# Lindernia roundifolia "varigated" - flowers



## manini (Mar 18, 2007)

Here are 2 photos of a flowering L. roundifolia "varigated". It did it in one of my wabi kusa.


















Another photo of the same wabi kusa 1 week earlier.


----------



## Zapins (Jul 28, 2004)

Wow, that is a really nice little setup you have there.

Congrats on the flower! Try get a sharper, closer picture of it and email it to Cavan_allen for the plant finder. I don't think we have a picture of that flower yet.

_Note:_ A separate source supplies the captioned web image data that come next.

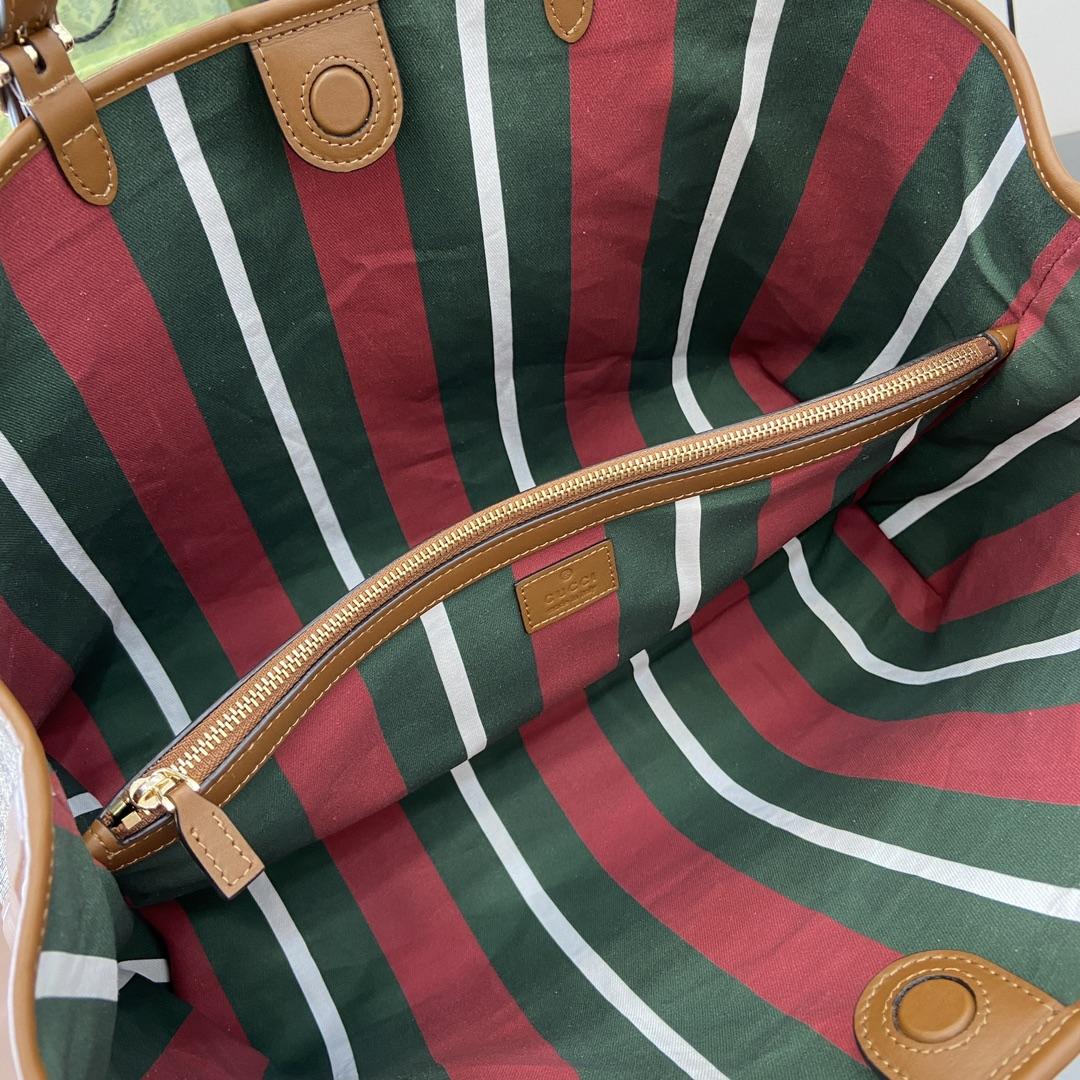 Gucci GG Emblem Medium Tote Bag - FashionPlug
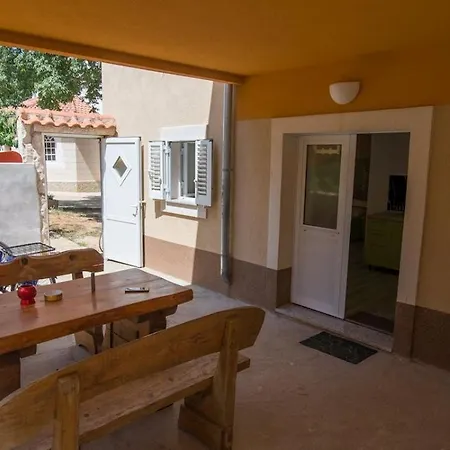 ゲストハウス By Dinka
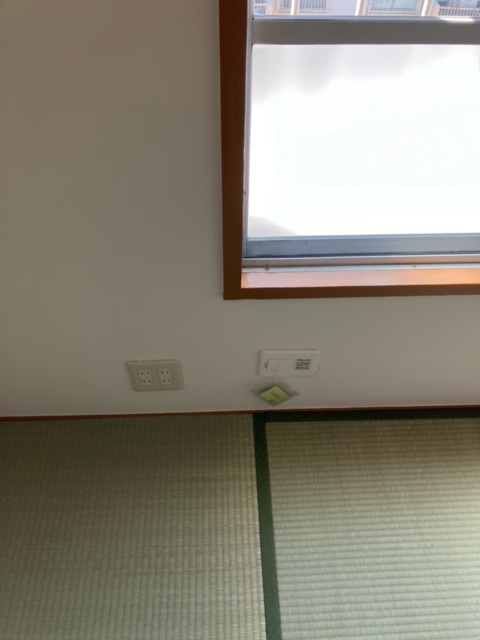 兵庫県公社　川西松ケ丘（１）１号棟の設備|コンセントとガス暖房のソケット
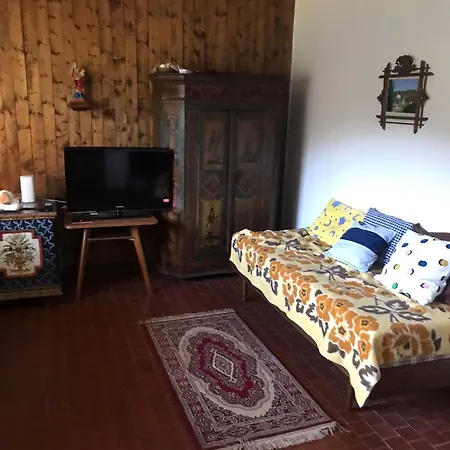 The House Next To The Forest - Lakmat *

Also, what is the red plant? I don't recognize it in the emersed form.


----------



## manini (Mar 18, 2007)

Thanks! Red plant is Rotala mini "butterfly". I am waiting for it to flower.



Zapins said:


> Wow, that is a really nice little setup you have there.
> 
> Congrats on the flower! Try get a sharper, closer picture of it and email it to Cavan_allen for the plant finder. I don't think we have a picture of that flower yet.
> 
> Also, what is the red plant? I don't recognize it in the emersed form.


----------



## justin182 (Oct 27, 2009)

So neat. Bringing this up for more ppl to see it! Definitely not something you see often.


----------



## maestro (Jan 17, 2007)

Yeah, congrats on getting L. Roundifolia 'varigated' to flower in it's emersed form. Sweet Wabi Kusa display! Nice contrasting with Rotala Mini 'Butterfly'.


----------